Lester limited a rebuilding (again) Padres team to one run across six innings, giving the Cubs 15 quality starts through 20 games this month. The rotation has gone 13-1 with a 1.89 ERA in August, making the downturn that gave Cubs fans and the Chicago media All-Star-break fodder seem like ancient history.
Lester’s All-Star season in Year 2 (14-4, 2.81 ERA) might get more attention if Jake Arrieta (15-5, 2.75 ERA) wasn’t the National League’s defending Cy Young Award winner and Kyle Hendricks (2.16) didn’t lead the majors in ERA. Take away two bad starts – a 10-2 loss to the New York Mets and Sunday’s clunker at Coors Field – and Jason Hammel would be 13-4 with a 2.14 ERA. Not that Lester – who comes from the Lackey School of Big Boy Games and Not Coming Here for a Haircut – feels overlooked.
“I don’t really care,” Lester said. “I don’t care what’s being said or what’s being looked at or whatever. I just try to do my job. That’s all I worry about. At the end of the year – like I’ve said before – the main number for me that I’m always concerned about is 200 innings. So if that’s there, then all the other stuff is kind of gravy.”
Lester has accounted for 154 innings this year and his 20 quality starts are tied for the major-league lead with Justin Verlander and Madison Bumgarner. Not that Lester – who brought a sense of purpose and a competitive drive into this clubhouse – is satisfied with that or happy with a 100-pitch count on a night where he had bat-breaking stuff.
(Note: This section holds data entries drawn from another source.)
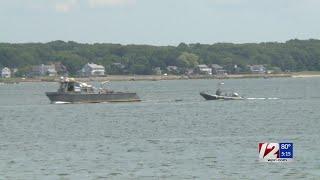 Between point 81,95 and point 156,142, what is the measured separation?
5745cm

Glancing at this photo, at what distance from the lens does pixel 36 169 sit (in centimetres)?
4650

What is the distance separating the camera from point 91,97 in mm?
118062

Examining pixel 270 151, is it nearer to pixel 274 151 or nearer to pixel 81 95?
pixel 274 151

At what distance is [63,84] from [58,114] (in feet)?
56.2

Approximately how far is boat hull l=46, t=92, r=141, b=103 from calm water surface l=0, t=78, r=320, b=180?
10654 mm

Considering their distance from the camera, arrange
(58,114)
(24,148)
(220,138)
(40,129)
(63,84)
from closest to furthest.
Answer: (24,148) → (220,138) → (40,129) → (58,114) → (63,84)

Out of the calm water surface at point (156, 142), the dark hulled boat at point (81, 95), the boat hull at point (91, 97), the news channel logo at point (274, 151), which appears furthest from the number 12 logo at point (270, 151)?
the boat hull at point (91, 97)

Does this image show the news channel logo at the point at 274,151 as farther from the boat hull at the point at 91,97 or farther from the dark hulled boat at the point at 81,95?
the boat hull at the point at 91,97

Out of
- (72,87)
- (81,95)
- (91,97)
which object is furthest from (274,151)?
(91,97)

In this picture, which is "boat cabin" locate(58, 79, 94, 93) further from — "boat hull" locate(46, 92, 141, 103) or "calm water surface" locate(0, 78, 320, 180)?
"calm water surface" locate(0, 78, 320, 180)

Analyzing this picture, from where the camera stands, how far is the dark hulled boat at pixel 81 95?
116m

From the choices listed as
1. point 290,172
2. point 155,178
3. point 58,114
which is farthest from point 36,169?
point 58,114

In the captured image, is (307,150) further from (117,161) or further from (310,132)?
(310,132)

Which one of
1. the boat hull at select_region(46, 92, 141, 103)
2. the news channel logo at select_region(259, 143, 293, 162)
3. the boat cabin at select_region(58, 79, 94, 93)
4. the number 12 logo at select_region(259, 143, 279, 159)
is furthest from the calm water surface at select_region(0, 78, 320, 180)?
the boat hull at select_region(46, 92, 141, 103) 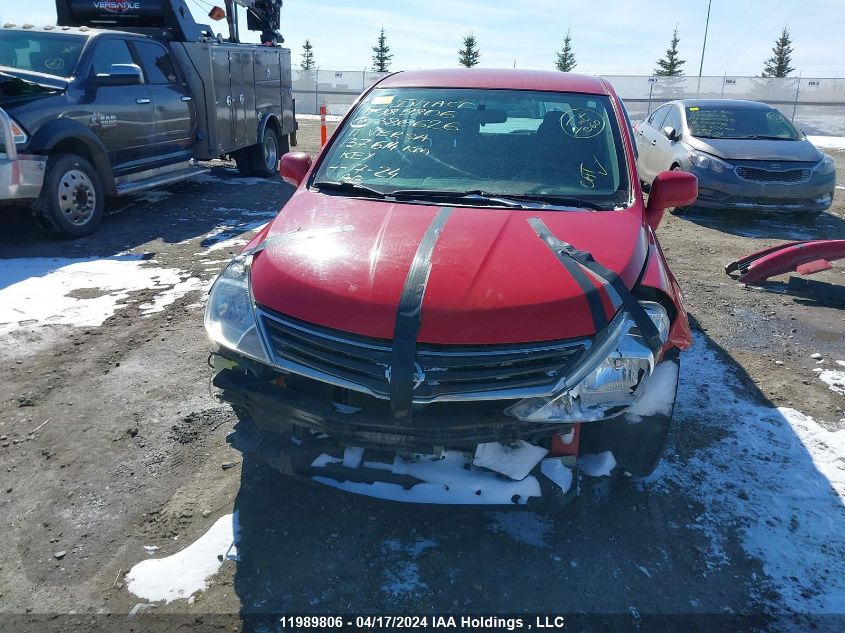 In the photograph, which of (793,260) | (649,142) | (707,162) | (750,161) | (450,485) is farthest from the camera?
(649,142)

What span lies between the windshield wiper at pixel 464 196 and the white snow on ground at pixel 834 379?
2464mm

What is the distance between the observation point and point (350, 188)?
10.7ft

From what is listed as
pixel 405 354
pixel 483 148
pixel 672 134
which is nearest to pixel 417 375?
pixel 405 354

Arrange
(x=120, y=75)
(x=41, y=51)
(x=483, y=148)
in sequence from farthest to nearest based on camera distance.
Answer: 1. (x=120, y=75)
2. (x=41, y=51)
3. (x=483, y=148)

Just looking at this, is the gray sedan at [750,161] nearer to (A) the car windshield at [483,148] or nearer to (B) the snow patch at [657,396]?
(A) the car windshield at [483,148]

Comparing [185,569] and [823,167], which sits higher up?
[823,167]

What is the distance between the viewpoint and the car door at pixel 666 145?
924cm

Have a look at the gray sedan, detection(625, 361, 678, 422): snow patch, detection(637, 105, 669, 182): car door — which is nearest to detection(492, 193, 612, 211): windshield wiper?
detection(625, 361, 678, 422): snow patch

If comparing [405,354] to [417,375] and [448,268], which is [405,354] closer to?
[417,375]

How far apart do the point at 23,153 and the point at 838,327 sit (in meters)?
7.38

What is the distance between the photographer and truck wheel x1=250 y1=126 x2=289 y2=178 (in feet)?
36.3

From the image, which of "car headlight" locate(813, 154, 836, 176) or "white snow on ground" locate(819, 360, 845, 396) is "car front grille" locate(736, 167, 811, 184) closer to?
"car headlight" locate(813, 154, 836, 176)

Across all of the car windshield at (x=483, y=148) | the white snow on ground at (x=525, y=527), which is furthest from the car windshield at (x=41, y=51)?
the white snow on ground at (x=525, y=527)

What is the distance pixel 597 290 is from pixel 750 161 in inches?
290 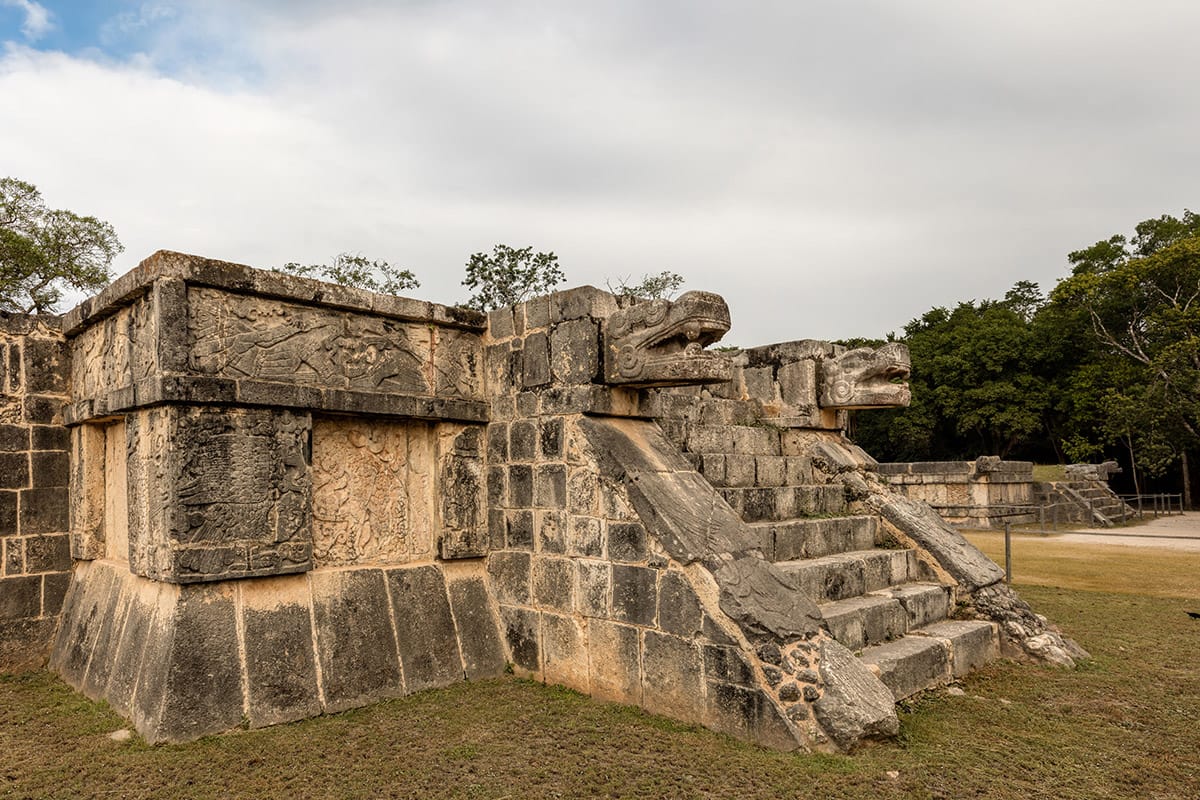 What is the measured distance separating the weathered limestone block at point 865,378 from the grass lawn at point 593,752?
8.21 ft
“I don’t really like quality starts,” Lester said. “I think it’s kind of a made-up stat that helps guys that don’t go deep into ballgames. I think quality starts should go to the seventh inning.”
Jackson – who went 16-34 with a 5.37 ERA in a Cubs uniform and whose four-year deal will finally come off the books after this season – couldn’t navigate this lineup. Jackson got through five innings and gave up five runs, including homers to Addison Russell (18), Kris Bryant (32) and Jason Heyward (after a Joe Maddon-imposed four-game mental break).
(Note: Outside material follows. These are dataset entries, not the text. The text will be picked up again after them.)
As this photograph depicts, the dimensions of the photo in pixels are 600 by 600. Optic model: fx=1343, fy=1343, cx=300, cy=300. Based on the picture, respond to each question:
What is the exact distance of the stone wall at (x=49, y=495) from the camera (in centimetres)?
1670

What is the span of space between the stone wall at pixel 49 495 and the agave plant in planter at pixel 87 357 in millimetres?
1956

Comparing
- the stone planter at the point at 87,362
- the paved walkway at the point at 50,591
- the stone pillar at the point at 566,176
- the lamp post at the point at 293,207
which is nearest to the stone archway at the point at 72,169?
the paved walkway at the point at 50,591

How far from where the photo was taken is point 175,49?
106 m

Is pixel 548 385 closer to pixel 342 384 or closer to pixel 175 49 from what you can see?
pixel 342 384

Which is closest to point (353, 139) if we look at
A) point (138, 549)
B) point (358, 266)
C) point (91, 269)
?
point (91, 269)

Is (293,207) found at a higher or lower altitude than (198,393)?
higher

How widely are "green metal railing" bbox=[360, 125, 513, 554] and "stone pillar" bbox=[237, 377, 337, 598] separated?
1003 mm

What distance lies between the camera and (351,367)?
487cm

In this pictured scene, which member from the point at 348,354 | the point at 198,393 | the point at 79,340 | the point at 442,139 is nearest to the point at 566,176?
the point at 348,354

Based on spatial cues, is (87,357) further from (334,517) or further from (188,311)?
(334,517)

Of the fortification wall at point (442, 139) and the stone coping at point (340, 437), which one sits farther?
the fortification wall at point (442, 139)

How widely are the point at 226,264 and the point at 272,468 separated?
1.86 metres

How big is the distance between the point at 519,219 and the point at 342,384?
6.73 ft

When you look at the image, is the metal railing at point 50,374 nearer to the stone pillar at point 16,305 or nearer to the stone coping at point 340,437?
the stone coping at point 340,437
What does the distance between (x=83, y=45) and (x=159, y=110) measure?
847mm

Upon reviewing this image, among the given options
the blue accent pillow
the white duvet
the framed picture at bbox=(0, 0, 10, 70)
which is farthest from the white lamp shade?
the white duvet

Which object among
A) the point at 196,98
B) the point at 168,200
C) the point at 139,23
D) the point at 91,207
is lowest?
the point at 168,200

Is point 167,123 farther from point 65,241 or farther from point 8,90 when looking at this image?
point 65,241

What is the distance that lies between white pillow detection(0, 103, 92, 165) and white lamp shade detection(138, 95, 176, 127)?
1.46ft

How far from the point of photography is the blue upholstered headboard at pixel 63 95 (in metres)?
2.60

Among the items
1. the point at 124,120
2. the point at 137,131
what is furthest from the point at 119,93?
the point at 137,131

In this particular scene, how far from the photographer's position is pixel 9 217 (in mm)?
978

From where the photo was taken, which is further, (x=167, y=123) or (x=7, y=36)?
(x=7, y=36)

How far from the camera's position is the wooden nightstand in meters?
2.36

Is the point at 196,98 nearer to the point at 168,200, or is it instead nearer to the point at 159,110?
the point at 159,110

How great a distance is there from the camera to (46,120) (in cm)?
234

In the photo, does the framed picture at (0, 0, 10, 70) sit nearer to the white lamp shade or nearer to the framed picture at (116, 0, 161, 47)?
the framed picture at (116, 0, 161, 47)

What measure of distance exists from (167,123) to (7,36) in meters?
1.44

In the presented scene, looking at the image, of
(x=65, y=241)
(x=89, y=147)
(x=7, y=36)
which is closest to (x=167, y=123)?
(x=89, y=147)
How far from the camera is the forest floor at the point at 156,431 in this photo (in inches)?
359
“I wasn’t here when Eddie came in, but I can understand why the guys did it,” said Maddon, who managed Jackson with the Tampa Bay Rays. “He’s got that kind of ability, man. It’s in there. There’s no question it’s in there.
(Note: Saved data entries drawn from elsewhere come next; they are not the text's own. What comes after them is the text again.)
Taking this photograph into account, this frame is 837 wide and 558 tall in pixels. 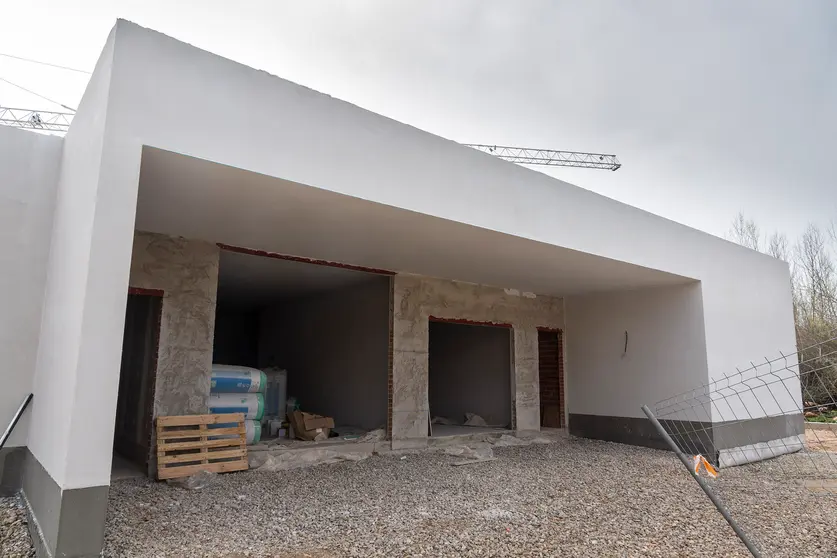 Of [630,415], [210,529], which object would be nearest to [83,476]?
[210,529]

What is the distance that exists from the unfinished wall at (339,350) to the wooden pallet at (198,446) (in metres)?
2.63

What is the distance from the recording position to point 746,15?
28.0ft

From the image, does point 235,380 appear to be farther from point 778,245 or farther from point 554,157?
point 554,157

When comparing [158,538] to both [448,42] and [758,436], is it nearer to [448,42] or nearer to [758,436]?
[758,436]

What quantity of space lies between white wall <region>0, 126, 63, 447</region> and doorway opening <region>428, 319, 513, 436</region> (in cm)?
604

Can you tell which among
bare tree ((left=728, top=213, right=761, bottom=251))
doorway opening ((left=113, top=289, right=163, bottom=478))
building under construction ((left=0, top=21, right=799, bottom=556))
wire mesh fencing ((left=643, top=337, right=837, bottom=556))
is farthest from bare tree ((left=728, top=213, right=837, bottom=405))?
doorway opening ((left=113, top=289, right=163, bottom=478))

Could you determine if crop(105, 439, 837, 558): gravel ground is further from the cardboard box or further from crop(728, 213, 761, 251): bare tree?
crop(728, 213, 761, 251): bare tree

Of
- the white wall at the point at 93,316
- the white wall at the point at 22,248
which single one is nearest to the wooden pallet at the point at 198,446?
the white wall at the point at 22,248

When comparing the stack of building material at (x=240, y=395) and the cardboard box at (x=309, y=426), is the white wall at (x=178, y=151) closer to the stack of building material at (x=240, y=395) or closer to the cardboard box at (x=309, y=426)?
the stack of building material at (x=240, y=395)

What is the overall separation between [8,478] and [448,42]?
9.96 meters

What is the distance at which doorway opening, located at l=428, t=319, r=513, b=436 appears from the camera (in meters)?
10.2

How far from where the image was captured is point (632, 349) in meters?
8.87

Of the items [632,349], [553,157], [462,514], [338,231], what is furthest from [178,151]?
[553,157]

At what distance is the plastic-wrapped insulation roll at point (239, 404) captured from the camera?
641 cm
“He’s had a couple really wonderful years where expectations and reality came together. But overall with him, it’s just a matter of command and where his fastball is going. Stuff-wise, athletically speaking, he is one of the better young pitcher athletes to come around in a long time.”
That never happened in Chicago. The Cubs once dreamed about Jackson’s under-30 potential, giving a long-term deal to a player who had already bounced around to seven different teams. The Cubs understood you have to take risks in the free-agent market and projected a durable right arm. The Cubs got a good clubhouse dude who’s not a front-of-the-rotation leader.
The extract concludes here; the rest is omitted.